#### [Record excerpts]

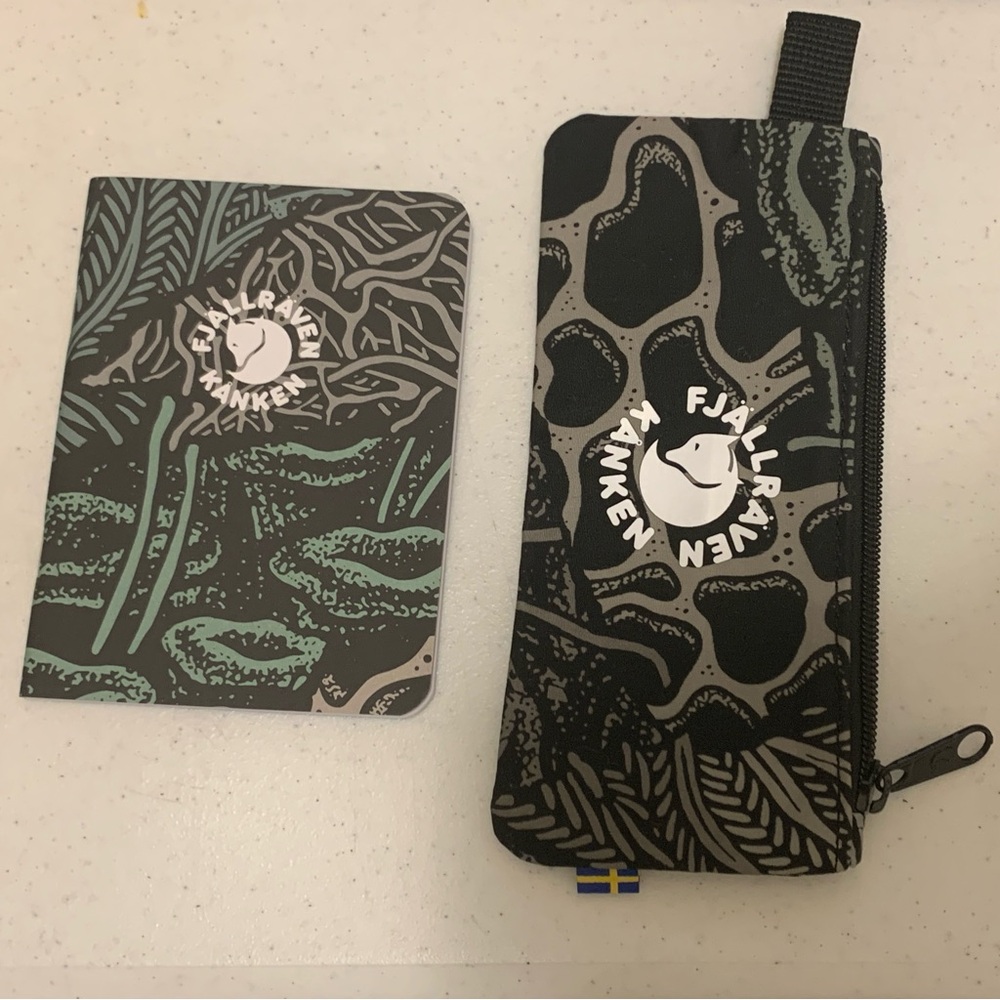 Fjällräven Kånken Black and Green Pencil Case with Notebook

...

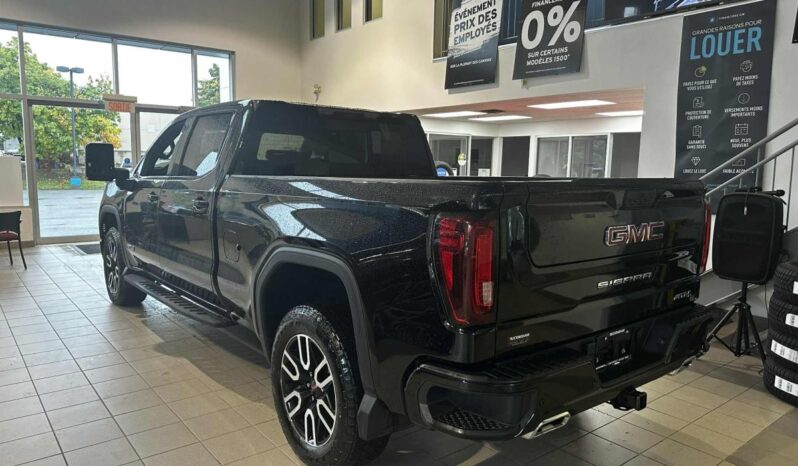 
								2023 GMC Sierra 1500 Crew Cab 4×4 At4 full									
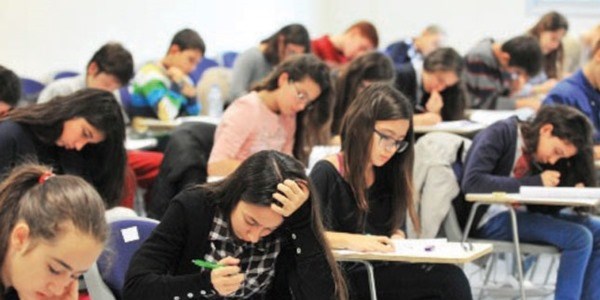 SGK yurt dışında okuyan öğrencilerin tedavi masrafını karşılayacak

...

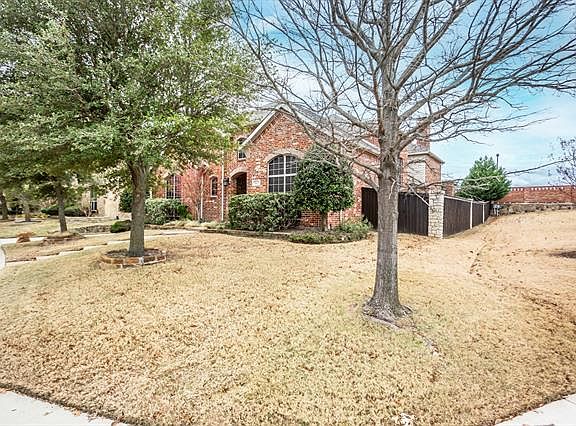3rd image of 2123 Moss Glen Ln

#### [Work task]
Within the listing above, find the line containing "2023 GMC Sierra" and the line containing "SGK yurt dışında". Transcribe them and everything between them exactly, leaving out the pictures.

#### [Completed exercise]
								2023 GMC Sierra 1500 Crew Cab 4×4 At4 full									
 SGK yurt dışında okuyan öğrencilerin tedavi masrafını karşılayacak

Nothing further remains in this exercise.